Wednesday 15 November 2017

Tabs vs Spaces is the Wrong Question

We've all been there, let's agree upon a style guide/rules for this source code so we can all work on it without anything falling apart via an inconsistent mess or the commit logs being endless back and forth over style changes. From the most basic (CR+LF or LF - because no one wants that flipping back and forward in a document's commits as people work on it from various systems) to K&R vs 1TBS vs Allman etc braces. If we can find agreement on indent styles, can we also find agreement on spaces (2? 4? 3?) vs tabs?

The problem is, this asks the wrong questions. Why does my view of this source code need to be the same as yours? Why is our version control system working so hard to force us to all agree on the most minute of details (even totally invisible ones like line breaks)? I'd always said tabs was the right answer to indentation because that way the user can set their own indentation length without changing the underlying text but this is not actually the answer. The answer is that we shouldn't be sharing source code as (pure, versioned char by char) text in the first place. We should look at what this source code actually looks like to the machine, the underlying meaning onto which we insert some decoration (comments that we should preserve at their attachment point in the source code): the AST.

Maybe I spent a year or two too many in the metaprogramming/code analysis/compiler dev space recently but this seems like not only the obvious solution (only held back by lack of inertia) but also something where everyone wins. We standardise a bit, because you'll no longer be messing around with fixed-width spacing to align notes and will have to get better at both self-documenting code and writing meaningful contained comments, and we allow the actual sharing of our source code to compare via ASTs. From there the actual storage medium can still be text documents (or some AST intermediate format) but before anyone views stuff then it goes through their own pretty printer. Whatever style guide you want to make to most clear what the code does, you apply that and that's what you see and edit (with your own settings keeping your style consistent). When you share it again then it gets turned back into the AST view and so only the actual changes are committed (to be shared back to everyone else).

Do you find K&R braces so much easier to parse? Then that's what you set your pretty printer to generate for your local copy. There's no reason why we should all be forced to view the same text document representation of source code. We all have different views on the various choices of formatting and which errors it makes easier or harder to spot. We all have different susceptibilities to inserting those defects. We should all find the best way to view source code to reduce our chances of making mistakes when writing our source code. We can start this today. Rather than spending time in meetings and maintaining or teaching the house style guide, spend the time writing tools to make your sharing layer style agnostic. Just start out by always pretty printing the code before commit into a common style and pretty printing changed documents with the user's preferred style after a pull. If you have someone on the team who tinkers with LLVM/Clang then you've probably already got the expertise to make those tools (even if you can't find something suitable that's already out there which can do what we need in reformatting for your programming language). If this idea gains traction, this is something that should be extended into the basic functionality of VCSs.

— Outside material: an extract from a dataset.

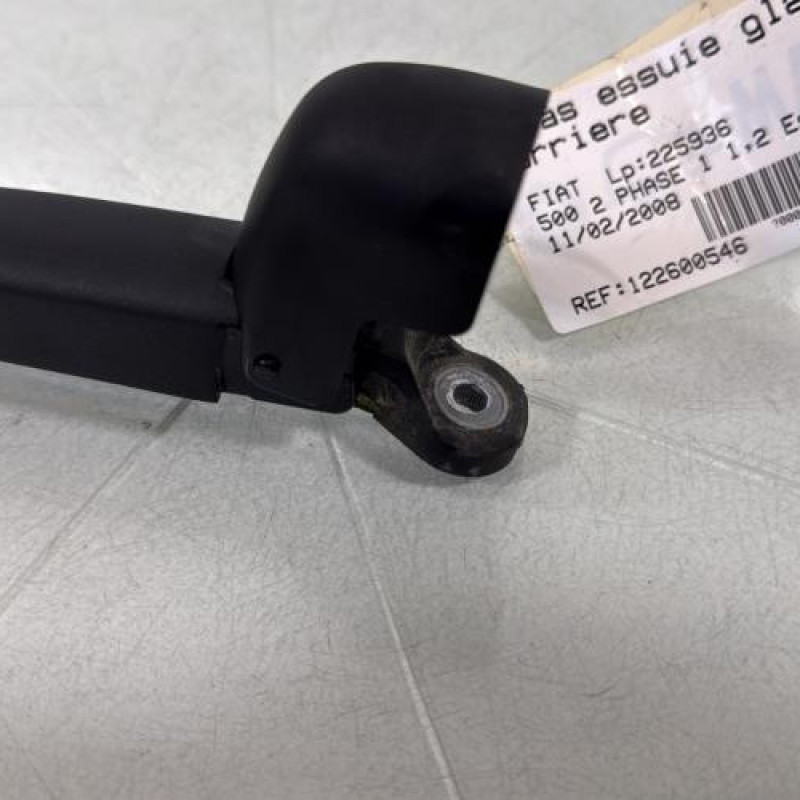 Bras essuie glace arriere FIAT 500 2 Photo n°5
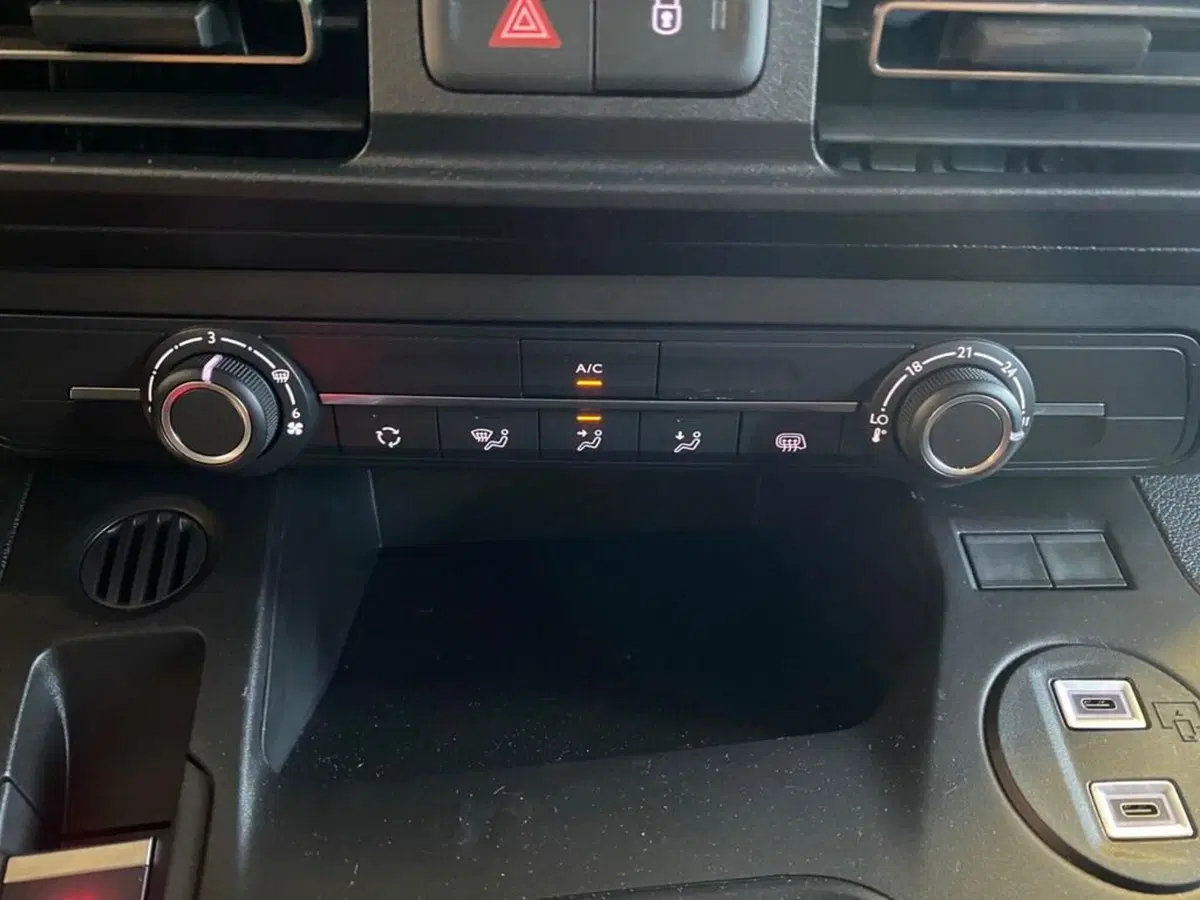Opel Combo Furgone nuova a Torino (10)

Once tools start to support this we can look at moving the VCSs to never needing the text version, just storing an AST representation. Also your commit system now automatically includes static code analysis options as you're parsing this text into an AST - no excuse for allowing commits that your compiler will choke on.

We can move into more deeply integrating this new freedom. While I may like mixedCase names/ids, another person may prefer snake_case and why do we need a common naming convention when actually we're just using different ways of compounding a list of words (the actual unique identifier). We can store them as lists of words tied to each name and pretty print then into the actual source code to suit your preference. As long as we're not tripping over any language restrictions then that should be totally fine. We don't need to fight over so much in these style guides, the compiler certainly doesn't care.

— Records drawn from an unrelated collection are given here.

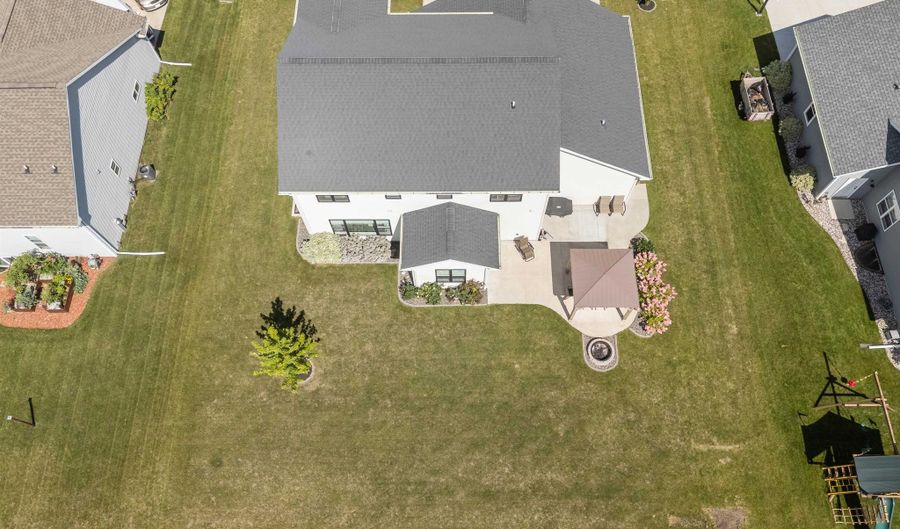 W5553 HOELZEL Way, Appleton, WI 54915 - 4 Beds, 4 Bath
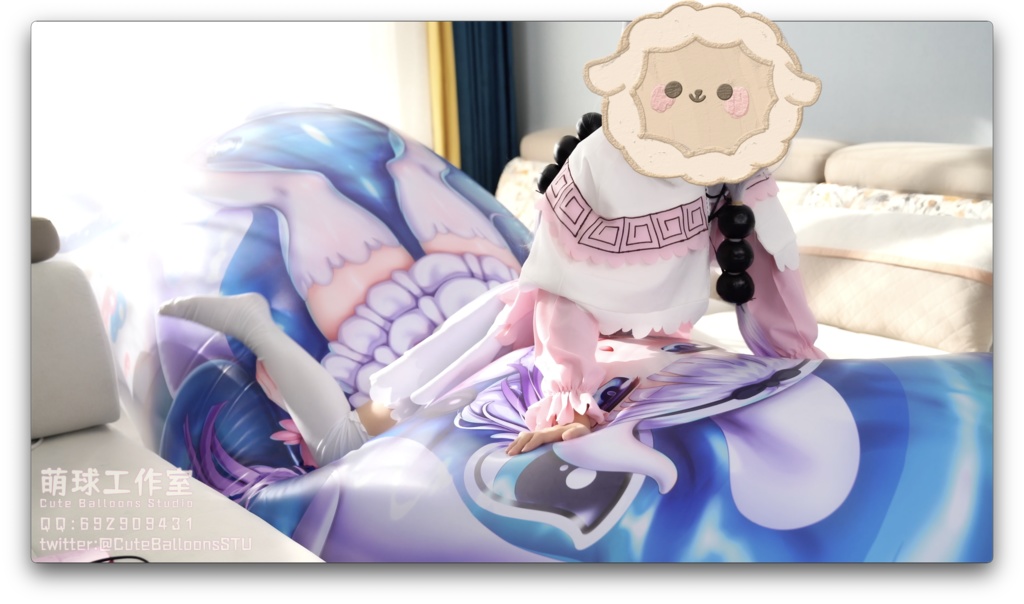 カンナは超大きいサイズの充気抱き枕で遊ぶ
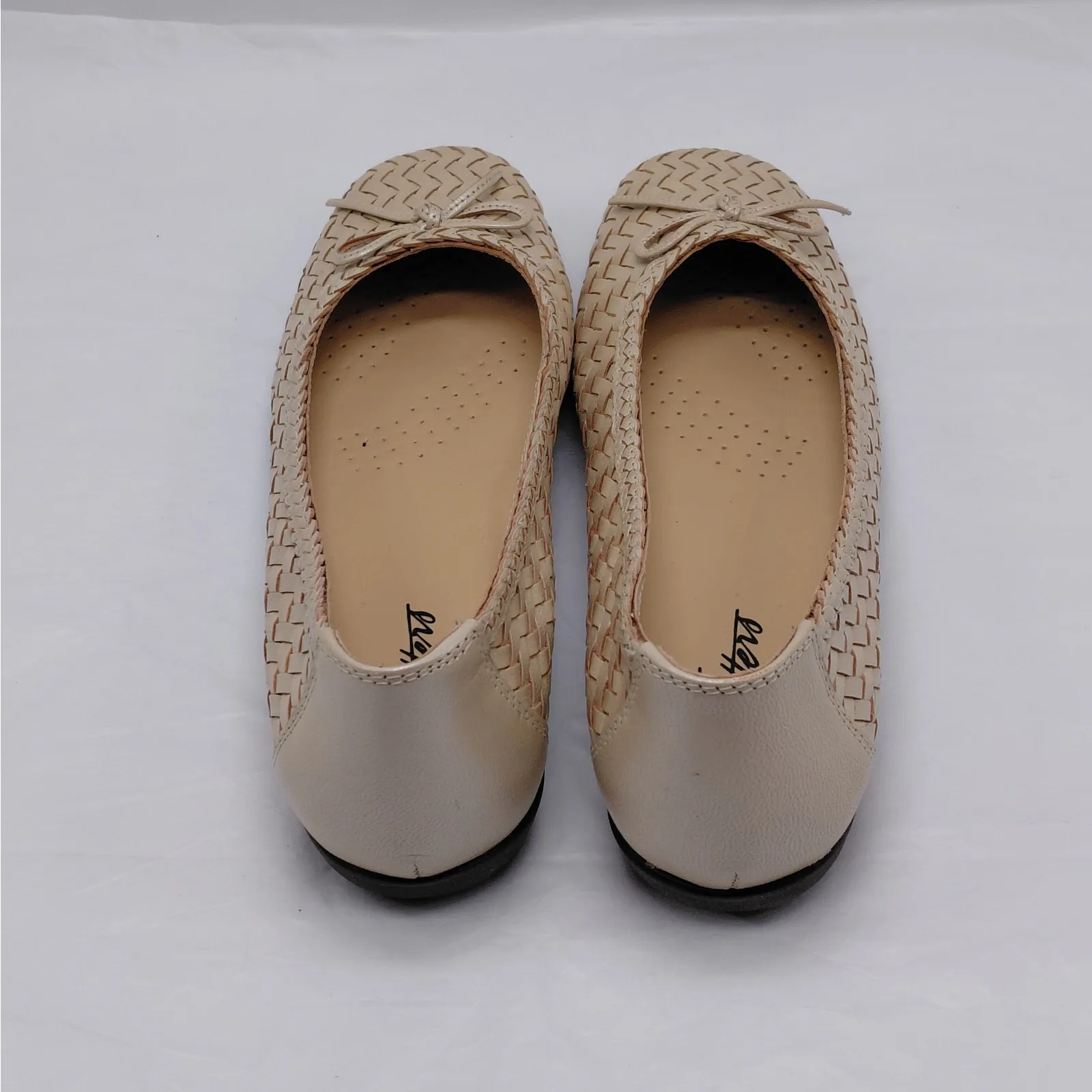 Trotters Gillian Ballet Flats Shoes Women's 7 Ivory Slip On Comfort Casual - Image 9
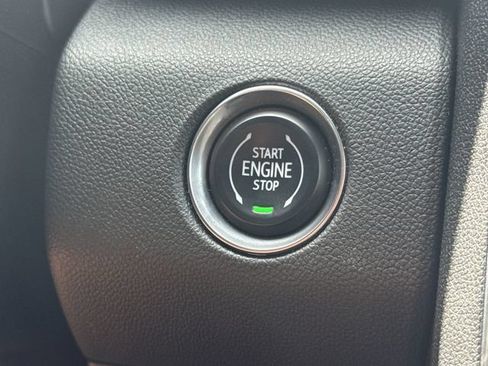 Used 2024 GMC Acadia Denali w/ Super Cruise Package FWD image 19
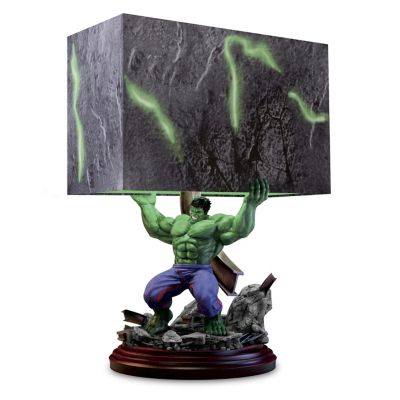 MARVEL HULK Smash Sculpture Table Lamp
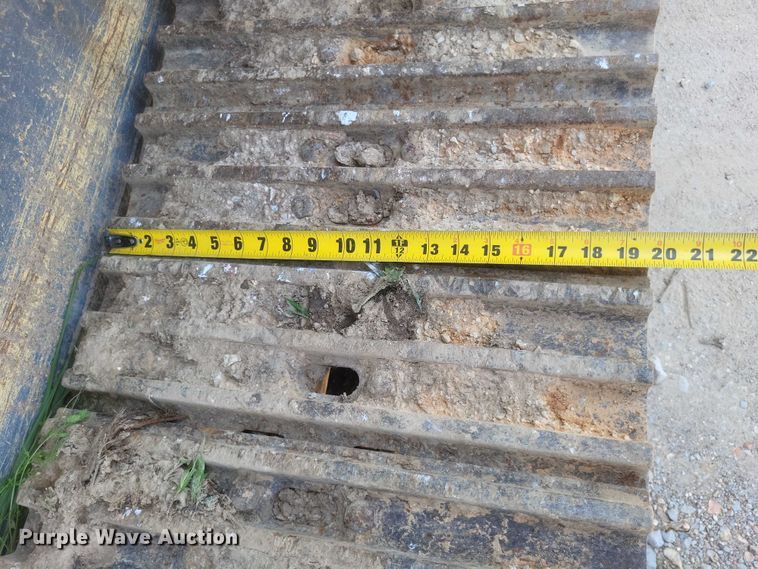 image for item DW7073 2017 Powerscreen Warrior 1800 screening plant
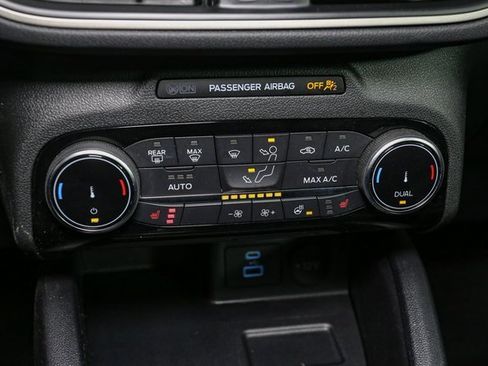 Used 2022 Ford Escape SE w/ Convenience Package image 25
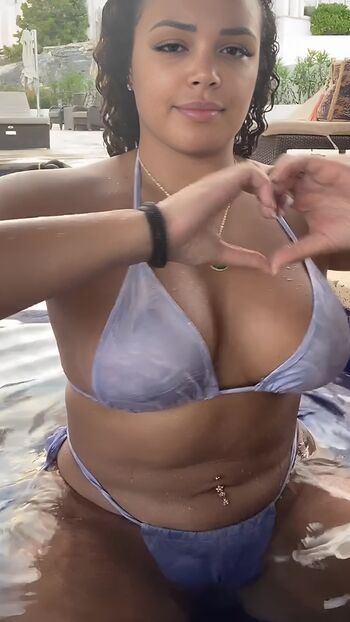 Full leaked Honeyluuv private onlyfans photo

Edit: with thanks for links to projects already working to provide the tools to do exactly this: SwiftFormat & Esprima's Source Rewrite demo. I'll add that my own source rewriting tools were always built on PyCParser (which is a lot easier to throw something together with than using the transformation stuff in LLVM/Clang but also only for C99 unless you write your own grammar). I see Clang now has a mature ClangFormat tool so C/C++/Obj-C code doesn't need to poke around in the guts of (potentially moving) Clang APIs for formatting. I see that's already getting some thumbs up (with the same desire to one day fix all this via ASTs).

Also very good to hear of development teams who are already doing exactly what I've suggested above (with rewriting to a house style on commit & option to custom pretty print on pull).